My eyes lit up because, as you know, diaphragmatic breathing is one of the OS "Big 5". This was a perfect chance to transition into the Original Strength Resets.
As we spoke more about proper diaphragmatic breathing and posture, Sandra mentioned she had extremely tight chest and shoulders. She especially feels it when her arms are up in an overhead position like when doing snatches and overhead presses. And Alice feels tightness at the top position when she paddles (Dragon Boat).
I then had them do a self-assessment by raising their arms over head. This was followed with supine breathing (I emphasized keeping their mouth closed, breathing through their nose and playing with the tongue on the roof of the mouth), Wall Supine 90/90 (I emphasized each time they exhaled to press the feet into the wall) and lastly Beast Pose (quadruped) with Alternating Wall Press (again I emphasized they exhale strong while leaving a hand imprint in the wall).
After 2 rounds of the 3 breathing resets, we did a re-test.
Their range of motion increased and "tightness" decreased. Their faces were priceless!! Sandra said, "OMG this is amazing. We didn't even have to do any band mobility exercises or anything else we do at the Box."
I smiled and said, "That's the beauty of these Resets. They're so simple, but so powerful."

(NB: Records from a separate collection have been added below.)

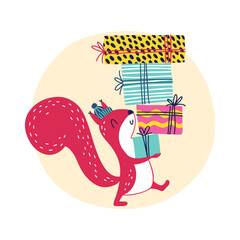 Wall Mural - The squirrel carries boxes of gifts. Christmas winter animal character in simple hand drawn scandinavian style. A colorful childish cartoon in a colorful festive palette. Vector illustration.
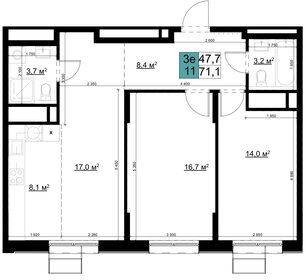 Квартира 71,1 м², 3-комнатная - изображение 1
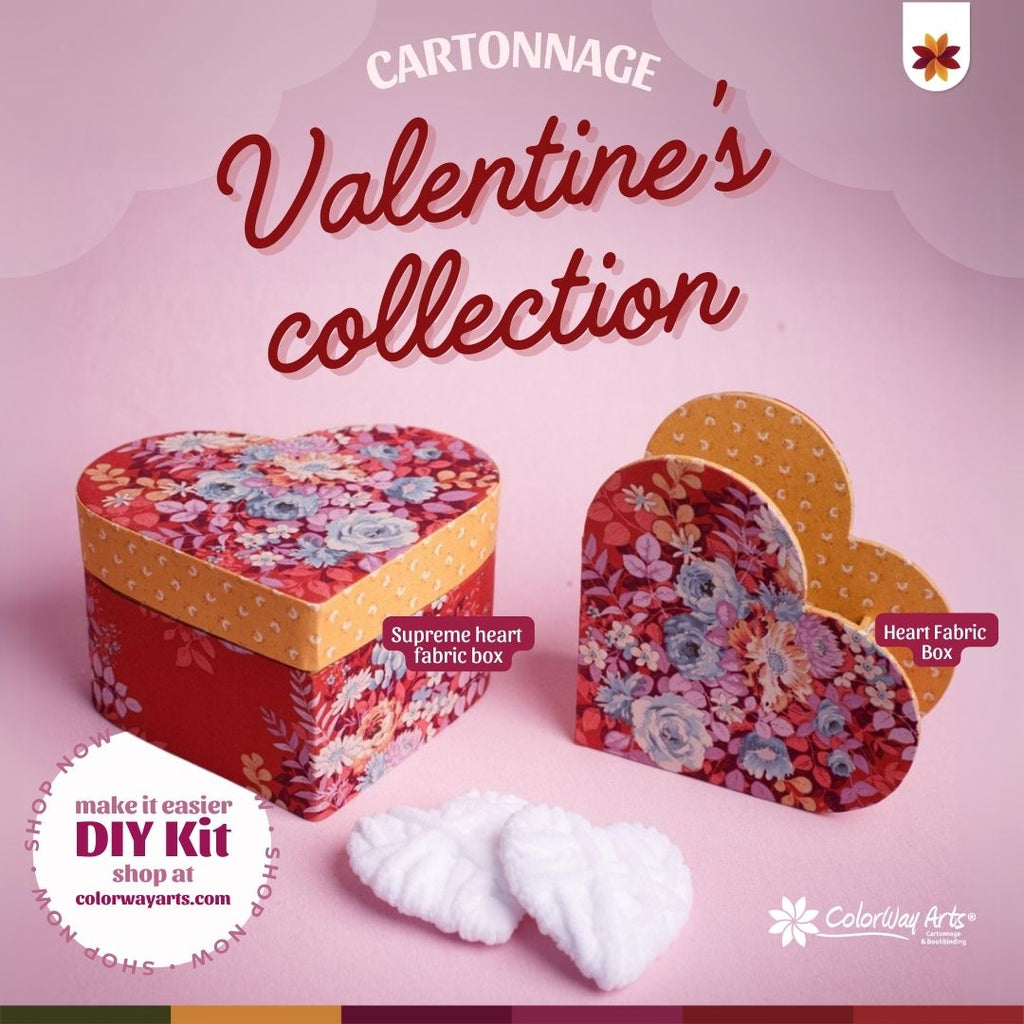 Heart fabric box DIY kit, cartonnage kit 227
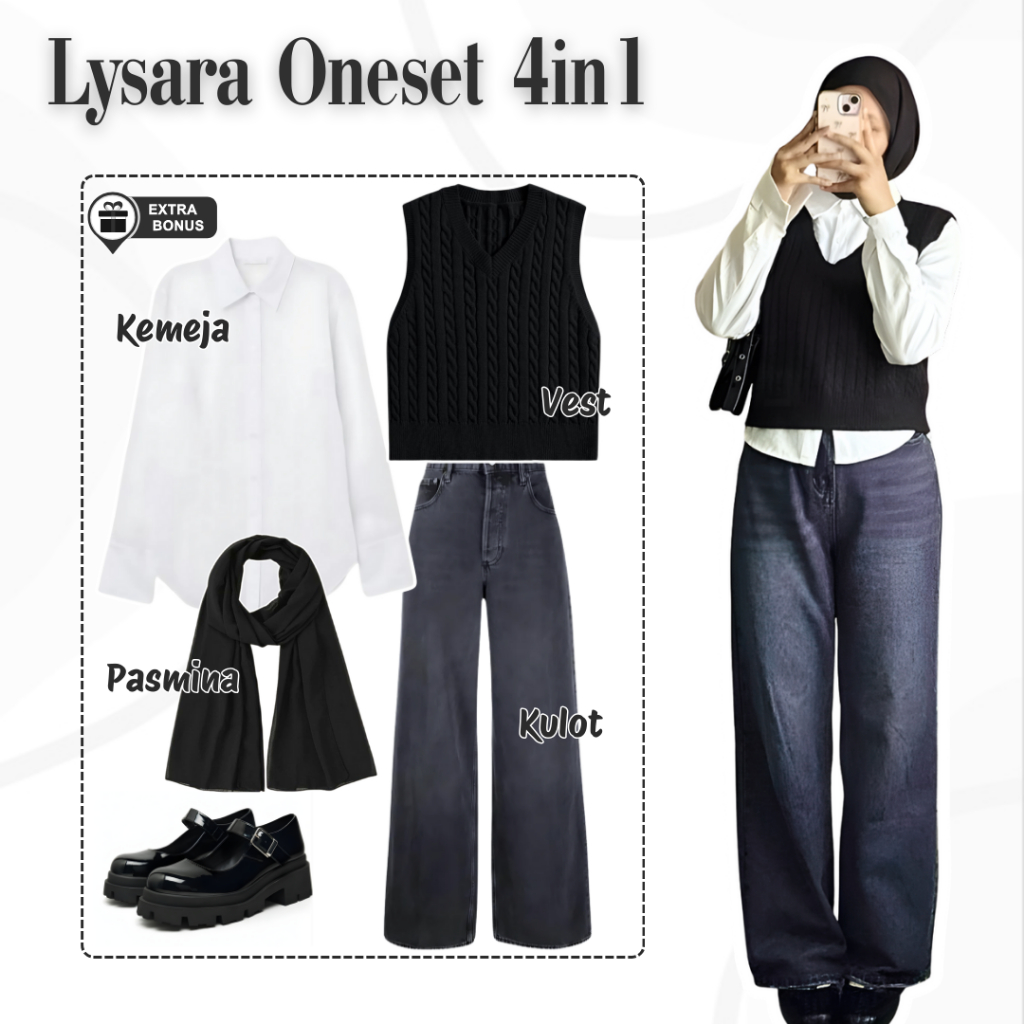 Oneset One set 4in1 setelan hijab wanita kemeja basic polos vest rompi rajut celana kulot jeans jins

We then went into some Hardstyle Kettlebell swings. The goal was to get some higher intensity cardiovascular work so they can practice being mindful of their breathing, especially during the rest/recovery phase. I had them do a couple rounds without reminding them about their breathing and kept note of it. They then did two more rounds, but this time I reminded them to be mindful of their breathing. "Play with your tongue on the roof of your mouth and bring your breath back to your belly during your rest."
Afterward I asked them how the last two rounds felt compared to the first two. They both said even though they felt tired, breathing during their rest felt a lot better. Both felt that they recovered faster and were ready to do more work, in comparison to the first 2 rounds.
After the session, they were excited to come back for another. I also mentioned that I am having a Press Reset To Be Clinic next month where we'll dive more into the OS Resets. Needless to say, they are all in for the clinic!